I also understand you need like some so you can be indexed etc..

What types of damages can spiders inflict?

What are the main concerns?

SmallTime

6:05 pm on Oct 12, 2002 (gmt 0)

10+ Year Member



1. email address harvesting for spam purposes (very common)
2. site downloading for copying purposes (offline browsing is arguably a valid use)
3. variety of non-browsing uses you may object to for political or practical reasons, anti-plagarism by student bots, music or image harvesting, commercial intelligence databases, etc.

Dreamquick

8:18 pm on Oct 12, 2002 (gmt 0)

WebmasterWorld Senior Member 10+ Year Member



could also add

4) spot when search engines start using new systems (e.g. if an existing bot comes around but with PDF appended to its UA you have to figure they are planning to search pdfs sometime soon)

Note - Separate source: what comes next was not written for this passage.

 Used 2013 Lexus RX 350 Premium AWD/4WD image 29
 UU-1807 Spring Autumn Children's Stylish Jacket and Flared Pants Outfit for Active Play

5) spot when totally new search engines are starting up

Either of these might potentially require some work - either to make the most out of the new features or with new search engines it's always useful to see if its worth trying to make use of them, and how you rank in them (for all you know they could be the next google).

dcheney

8:46 pm on Oct 12, 2002 (gmt 0)

WebmasterWorld Senior Member 10+ Year Member



6) help spot (and hopefully fix) brain-dead spiders [one current example: 13k requests, of those 193 were valid! (spider can't handle subdirectories)]

dauction

10:24 pm on Oct 12, 2002 (gmt 0)

WebmasterWorld Senior Member 10+ Year Member



I see ..thanks all

JustTrying

10:33 pm on Oct 12, 2002 (gmt 0)

10+ Year Member



7) to gather important spider information for those involved in cloaking

carfac

3:42 am on Oct 13, 2002 (gmt 0)

WebmasterWorld Senior Member 10+ Year Member



8) Because we can!

dave

Sorry, not to be flip, but some of my sites are pretty high (1gig/day+) bandwidth, and I need to save where I can!